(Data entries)
§ §
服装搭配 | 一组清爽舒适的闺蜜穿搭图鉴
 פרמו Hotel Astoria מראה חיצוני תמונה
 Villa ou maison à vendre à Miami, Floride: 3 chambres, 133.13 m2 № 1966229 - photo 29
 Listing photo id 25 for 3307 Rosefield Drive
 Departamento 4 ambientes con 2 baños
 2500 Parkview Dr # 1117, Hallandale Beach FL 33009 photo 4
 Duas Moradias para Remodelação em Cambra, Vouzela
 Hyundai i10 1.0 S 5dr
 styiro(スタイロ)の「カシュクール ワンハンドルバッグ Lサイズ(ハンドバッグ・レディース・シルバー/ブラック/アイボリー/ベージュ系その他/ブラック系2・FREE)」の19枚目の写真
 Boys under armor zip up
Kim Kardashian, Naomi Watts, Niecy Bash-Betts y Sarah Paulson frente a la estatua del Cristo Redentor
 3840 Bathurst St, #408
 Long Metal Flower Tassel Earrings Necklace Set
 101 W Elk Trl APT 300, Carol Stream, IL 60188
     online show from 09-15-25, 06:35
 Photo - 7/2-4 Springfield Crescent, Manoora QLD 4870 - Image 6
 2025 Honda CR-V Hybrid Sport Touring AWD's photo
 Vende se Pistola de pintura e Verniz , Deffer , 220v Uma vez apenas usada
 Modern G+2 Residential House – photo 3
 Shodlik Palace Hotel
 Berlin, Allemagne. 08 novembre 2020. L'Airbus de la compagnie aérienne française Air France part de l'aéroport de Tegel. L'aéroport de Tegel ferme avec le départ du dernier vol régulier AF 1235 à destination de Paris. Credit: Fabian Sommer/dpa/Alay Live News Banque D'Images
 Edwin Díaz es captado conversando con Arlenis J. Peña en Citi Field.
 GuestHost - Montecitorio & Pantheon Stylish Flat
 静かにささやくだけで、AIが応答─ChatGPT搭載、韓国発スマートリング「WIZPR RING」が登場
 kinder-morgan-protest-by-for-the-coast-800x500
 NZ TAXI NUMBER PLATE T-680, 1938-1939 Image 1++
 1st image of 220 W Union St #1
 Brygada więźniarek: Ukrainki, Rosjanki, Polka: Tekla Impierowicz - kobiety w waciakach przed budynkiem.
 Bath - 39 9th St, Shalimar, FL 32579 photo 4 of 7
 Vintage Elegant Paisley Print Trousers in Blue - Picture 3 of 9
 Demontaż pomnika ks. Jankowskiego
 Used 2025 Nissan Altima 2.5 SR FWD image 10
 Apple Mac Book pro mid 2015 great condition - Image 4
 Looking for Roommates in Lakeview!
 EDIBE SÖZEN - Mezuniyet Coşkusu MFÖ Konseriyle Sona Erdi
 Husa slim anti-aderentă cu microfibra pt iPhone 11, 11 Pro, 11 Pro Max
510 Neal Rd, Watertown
§ §
What is expected: Every entry is to be returned exactly, with nothing dropped.

The completed task:
服装搭配 | 一组清爽舒适的闺蜜穿搭图鉴
 פרמו Hotel Astoria מראה חיצוני תמונה
 Villa ou maison à vendre à Miami, Floride: 3 chambres, 133.13 m2 № 1966229 - photo 29
 Listing photo id 25 for 3307 Rosefield Drive
 Departamento 4 ambientes con 2 baños
 2500 Parkview Dr # 1117, Hallandale Beach FL 33009 photo 4
 Duas Moradias para Remodelação em Cambra, Vouzela
 Hyundai i10 1.0 S 5dr
 styiro(スタイロ)の「カシュクール ワンハンドルバッグ Lサイズ(ハンドバッグ・レディース・シルバー/ブラック/アイボリー/ベージュ系その他/ブラック系2・FREE)」の19枚目の写真
 Boys under armor zip up
Kim Kardashian, Naomi Watts, Niecy Bash-Betts y Sarah Paulson frente a la estatua del Cristo Redentor
 3840 Bathurst St, #408
 Long Metal Flower Tassel Earrings Necklace Set
 101 W Elk Trl APT 300, Carol Stream, IL 60188
     online show from 09-15-25, 06:35
 Photo - 7/2-4 Springfield Crescent, Manoora QLD 4870 - Image 6
 2025 Honda CR-V Hybrid Sport Touring AWD's photo
 Vende se Pistola de pintura e Verniz , Deffer , 220v Uma vez apenas usada
 Modern G+2 Residential House – photo 3
 Shodlik Palace Hotel
 Berlin, Allemagne. 08 novembre 2020. L'Airbus de la compagnie aérienne française Air France part de l'aéroport de Tegel. L'aéroport de Tegel ferme avec le départ du dernier vol régulier AF 1235 à destination de Paris. Credit: Fabian Sommer/dpa/Alay Live News Banque D'Images
 Edwin Díaz es captado conversando con Arlenis J. Peña en Citi Field.
 GuestHost - Montecitorio & Pantheon Stylish Flat
 静かにささやくだけで、AIが応答─ChatGPT搭載、韓国発スマートリング「WIZPR RING」が登場
 kinder-morgan-protest-by-for-the-coast-800x500
 NZ TAXI NUMBER PLATE T-680, 1938-1939 Image 1++
 1st image of 220 W Union St #1
 Brygada więźniarek: Ukrainki, Rosjanki, Polka: Tekla Impierowicz - kobiety w waciakach przed budynkiem.
 Bath - 39 9th St, Shalimar, FL 32579 photo 4 of 7
 Vintage Elegant Paisley Print Trousers in Blue - Picture 3 of 9
 Demontaż pomnika ks. Jankowskiego
 Used 2025 Nissan Altima 2.5 SR FWD image 10
 Apple Mac Book pro mid 2015 great condition - Image 4
 Looking for Roommates in Lakeview!
 EDIBE SÖZEN - Mezuniyet Coşkusu MFÖ Konseriyle Sona Erdi
 Husa slim anti-aderentă cu microfibra pt iPhone 11, 11 Pro, 11 Pro Max
510 Neal Rd, Watertown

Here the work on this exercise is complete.